→ **WORK TASK**
An exact transcription of all the records is required, minus the images.

[Captioned web image data]
■ ■ ■

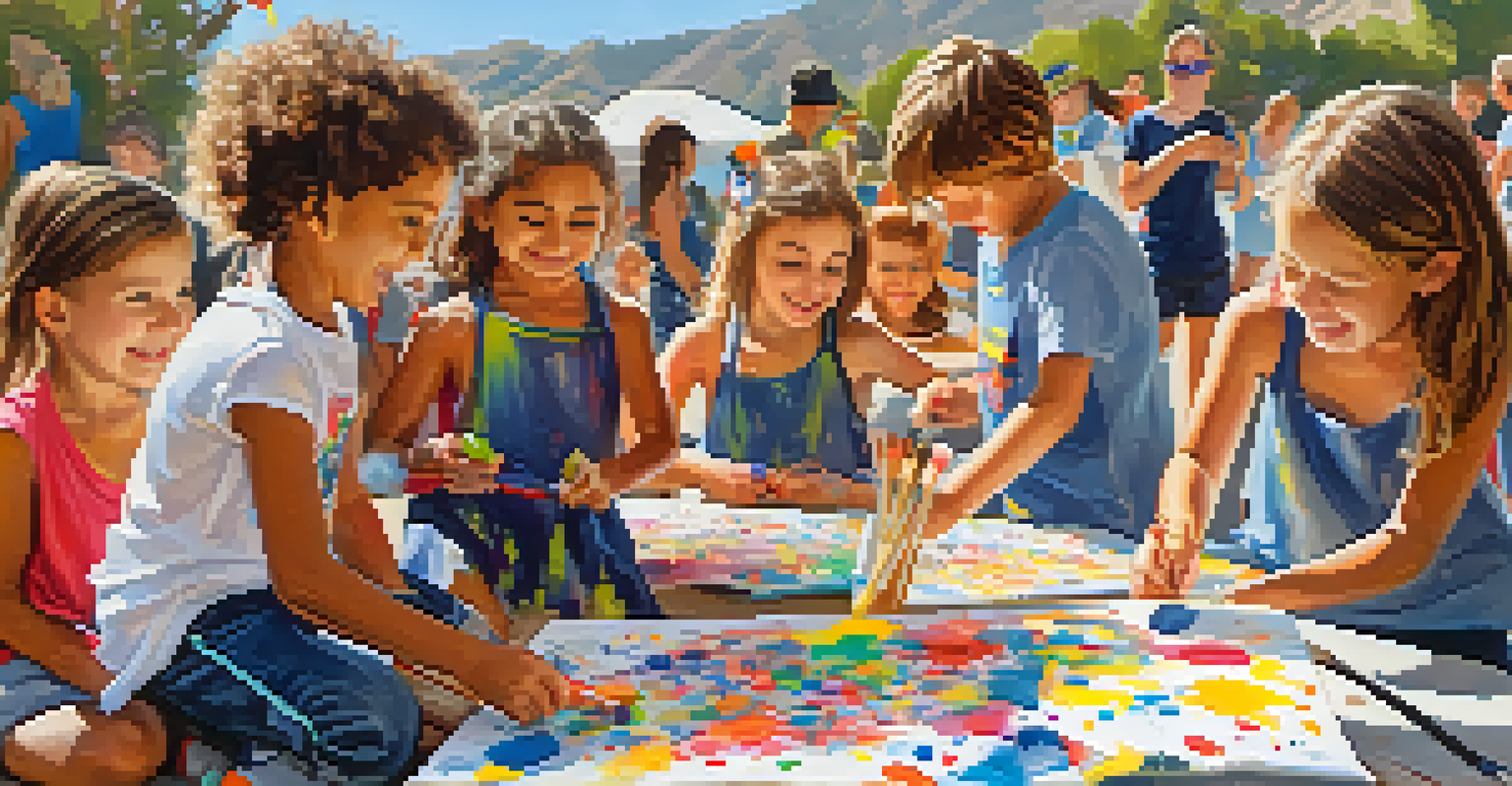 Children joyfully participating in an interactive art workshop at the Malibu Arts Festival, surrounded by colorful paints and canvases.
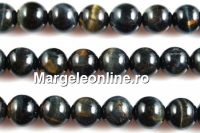 Margele ochi de tigru albastru, rotund, 6mm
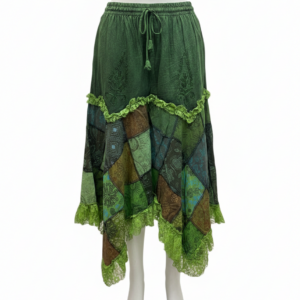 Hippie Style Patchwork Lace Skirt – Handmade Boho Gypsy Skirt from Nepal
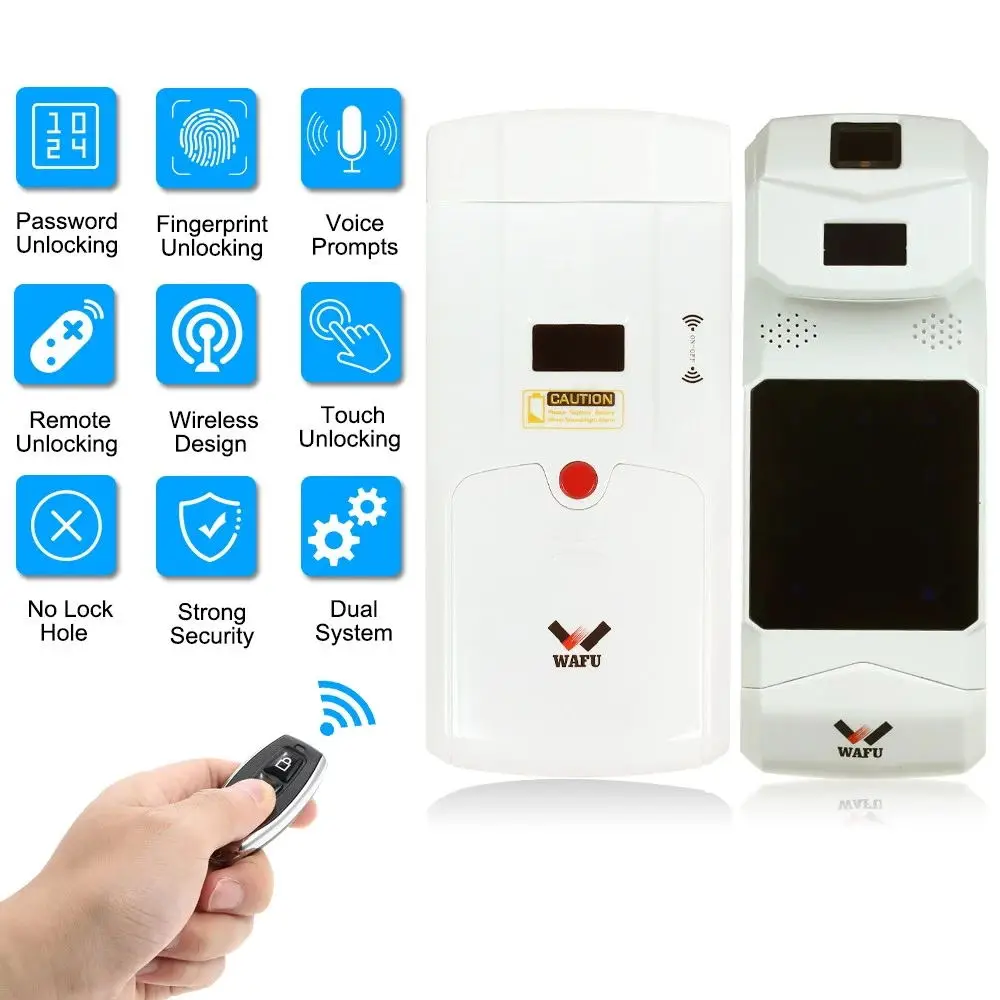 WAFU Wireless Smart Invisible Fingerprint Remote Lock Keyless Entry Door Lock Security Anti-theft Locks with Fingerprint Keypad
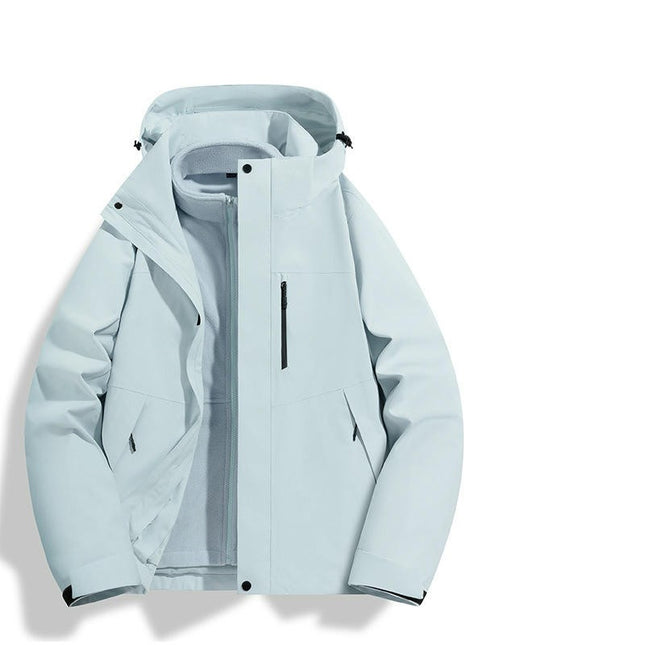 Outdoor Solid Color 3 in 1 Jacket Men's and Women's Windproof and Waterproof Hiking Camping Jacket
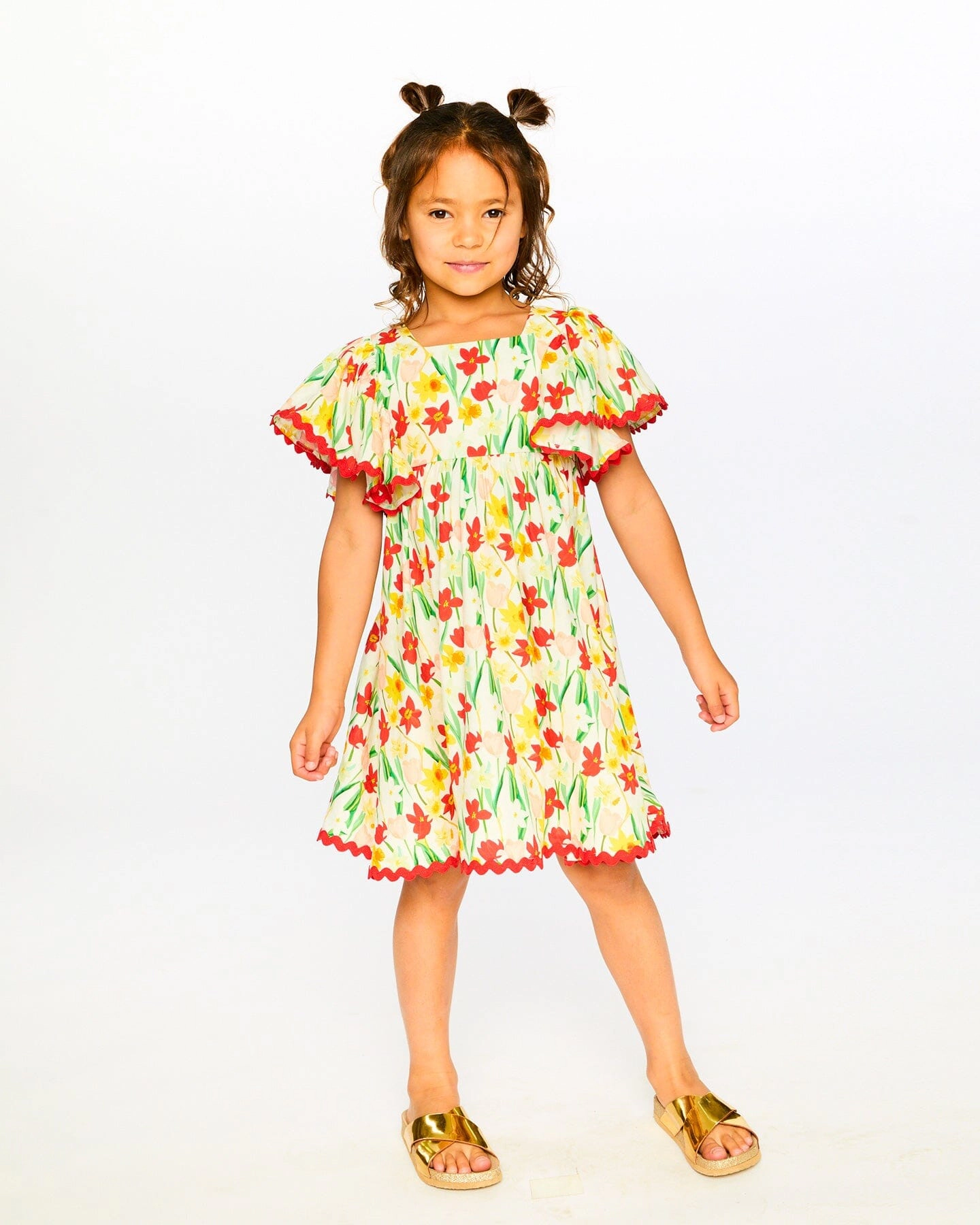 Deux par Girls Viscose Dress Daffodil Print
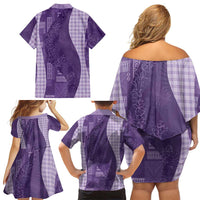 Polynesian Tribal Pattern Patchwork Picturesque Family Matching Off Shoulder Short Dress and Hawaiian Shirt Deep Violet LT7 - Polynesian Pride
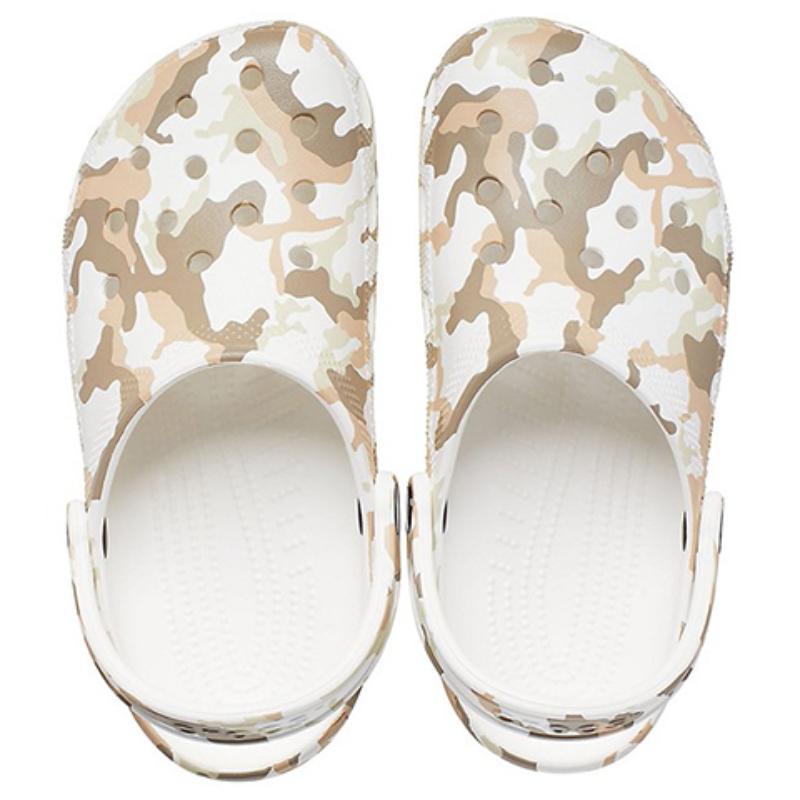 Crocs Classic Clog Camouflage Printing Beach Sandals White Camouflage Unisex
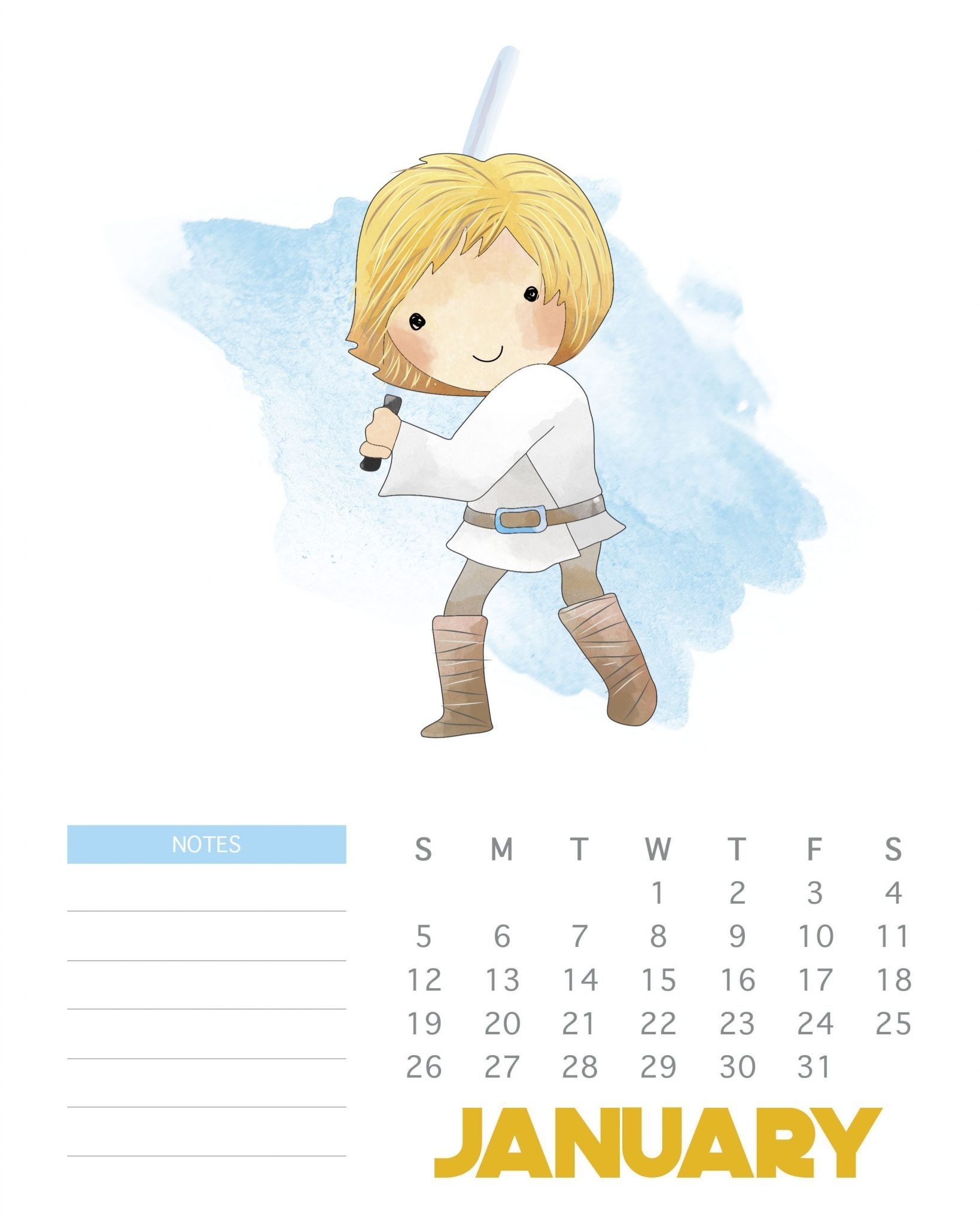 Free Printable 2020 Star Wars Calendar - The Cottage Market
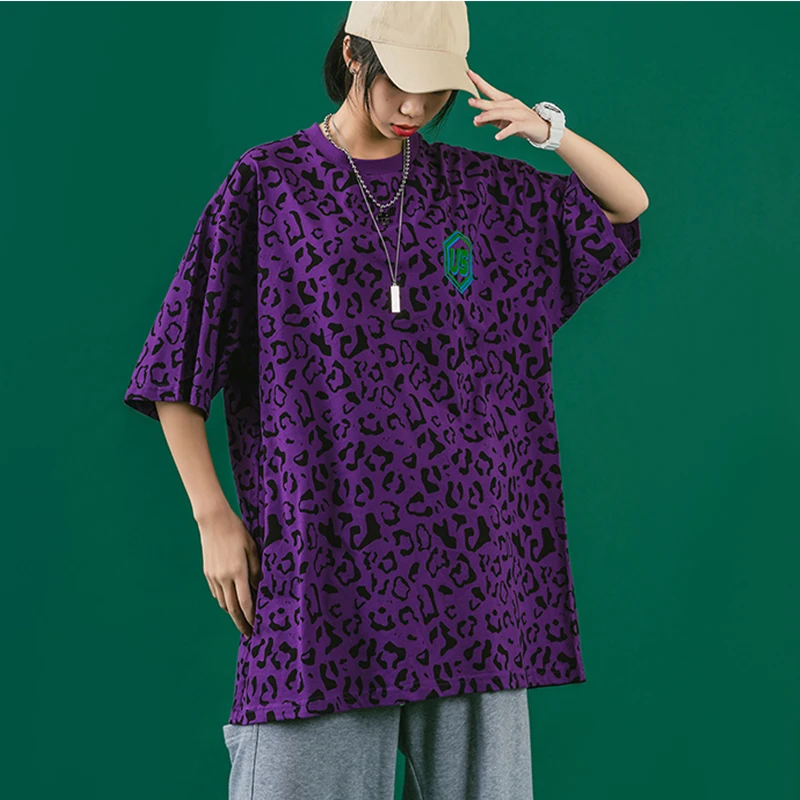 

Leopard Print Casual Short Sleeve T Shirts Women Harajuku Streetwear Hip Hop Tshirt Sumeer Cotton Tees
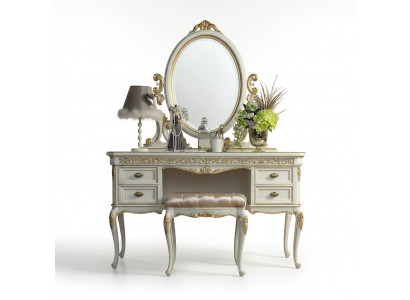 Make-up-Dësch Schlofkummer Hocker Set Kommode Dësch Klassesch Konsol Spigel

■ ■ ■

→ **THE ANSWER**
 Children joyfully participating in an interactive art workshop at the Malibu Arts Festival, surrounded by colorful paints and canvases.
 Margele ochi de tigru albastru, rotund, 6mm
 Hippie Style Patchwork Lace Skirt – Handmade Boho Gypsy Skirt from Nepal
 WAFU Wireless Smart Invisible Fingerprint Remote Lock Keyless Entry Door Lock Security Anti-theft Locks with Fingerprint Keypad
 Outdoor Solid Color 3 in 1 Jacket Men's and Women's Windproof and Waterproof Hiking Camping Jacket
 Deux par Girls Viscose Dress Daffodil Print
 Polynesian Tribal Pattern Patchwork Picturesque Family Matching Off Shoulder Short Dress and Hawaiian Shirt Deep Violet LT7 - Polynesian Pride
 Crocs Classic Clog Camouflage Printing Beach Sandals White Camouflage Unisex
 Free Printable 2020 Star Wars Calendar - The Cottage Market

Leopard Print Casual Short Sleeve T Shirts Women Harajuku Streetwear Hip Hop Tshirt Sumeer Cotton Tees
 Make-up-Dësch Schlofkummer Hocker Set Kommode Dësch Klassesch Konsol Spigel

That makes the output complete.